With net new customers that have never leased a copier this is probably the top question that gets posed to me each and every month. There are many advantages to leasing, you can go check out my recent blog “10 or More Reasons of Why to Lease Copiers & Printers“, but before you click that link read more about my number one reason why you should not buy a copier.
Trapped in Technology: I refer to this phrase all of the time when I’m posed with the question about leasing or buying a copier.
Let’s say you’ve decided you’re going to the purchase that beautiful new copier with all the advanced technology that will help improve productivity and lower costs. Let’s say that the cost for the new system is $15,000, and you shell out the dough because you can afford it, you may need the write off, or you just don’t want the payments. Thus you’re the proud new owner of that really awesome system.

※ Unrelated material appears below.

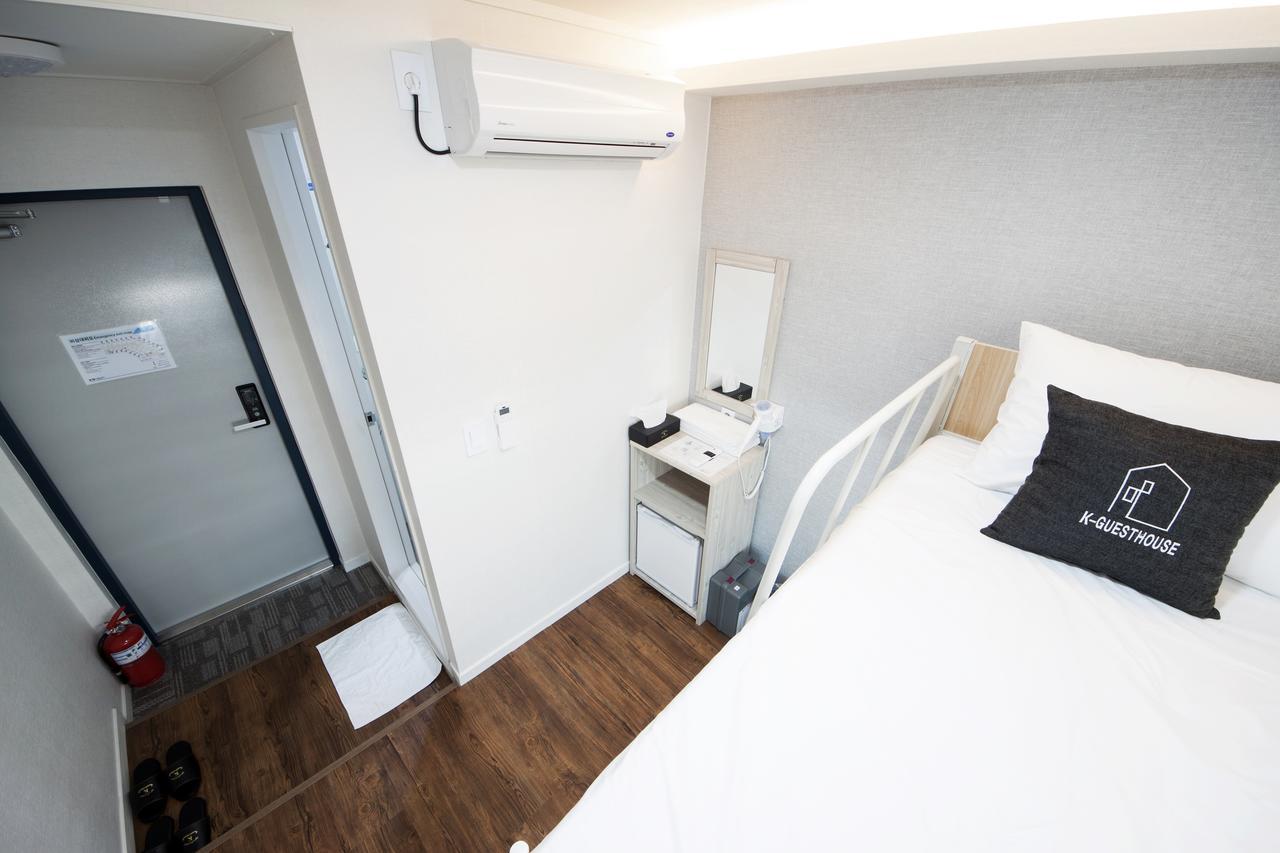 Seoul Grand Hostel Ewha Univ Extérieur photo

Fast forward to the future to almost three years, and you find that your company has grown in staff, and you’re using the copier much more than anticipated for scanning, printing, and copying. With the expanded use the system now requires additional service calls each month, your maintenance and supplies costs have risen, and your productivity is suffering because the system is down more frequently for general maintenance and service issues.

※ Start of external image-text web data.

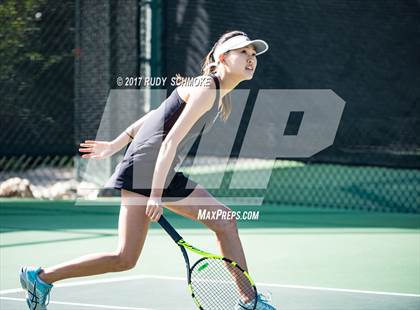 Thumbnail 2 in Canyon Crest Academy vs Palisdes (CIF LACS Regional Finals) photogallery.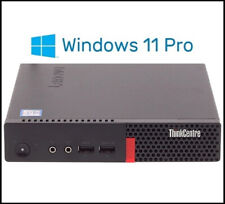 Lenovo thinkcentre mini usato  Scafati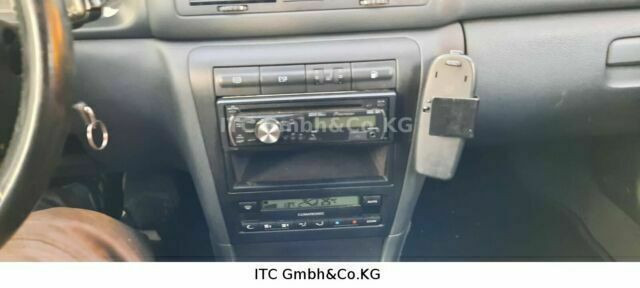Mercedes-Benz A-Klasse 170 - מכונית: תמונה 4 Mercedes-Benz A-Klasse 170 - מכונית: תמונה 4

You know you need something new, however your last thought is that you just paid $15,000 for the system a mere three years ago. You’ve been approached by numerous sales people and all are telling you that you need to fork out another $15,000. In a matter of 36 months you’re going to spend $30,000 dollars.

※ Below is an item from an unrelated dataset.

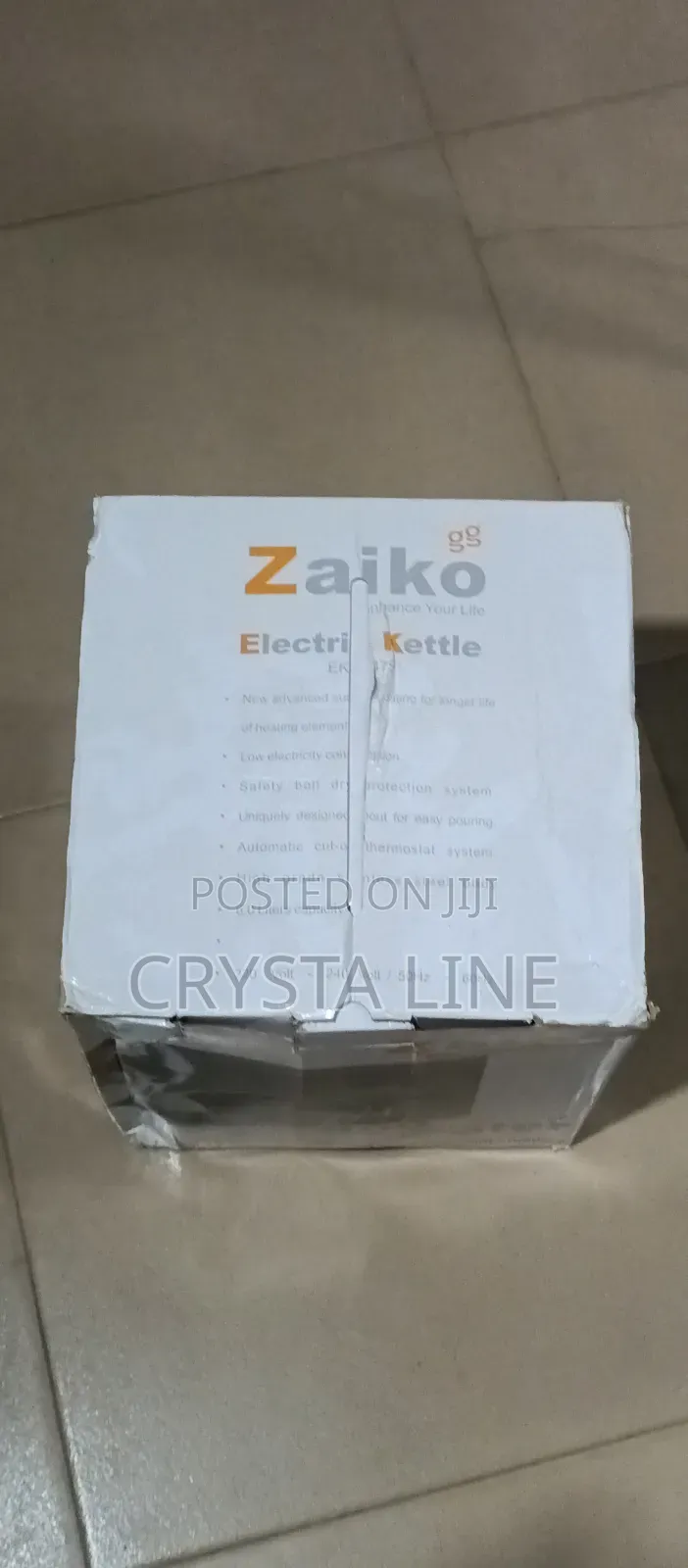 Zaiko Electric Kettle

There are some additional features on the new system that will increase productivity and lower maintenance and supply costs, but not enough to make you pull the trigger on another $15,000 purchase. Thus you are “trapped in technology,” because you decided to purchase the system three years ago and can’t see the ROI to spend another $15,000. Now you’ll continue to limp along with the old system, deal with the breakdowns, deal with the questions of why or when can to get a new copier, and questions that maybe mumbled by your staff questioning the financial resources of the company.
Bad scenario above right? You betcha.
Consider the same scenario above but you leased the system for 36 months and you have a lease payment of $418 per month. You’re then approached with a scenario like this. The cost to upgrade your present system is less or the same as your current lease payment. In most cases it may be less and most likely your maintenance and supply costs will be less along with some new features that will save additional time when processing or printing documents. In this case you have an immediate ROI and it’s a no brainer to pull the trigger for a new copier lease.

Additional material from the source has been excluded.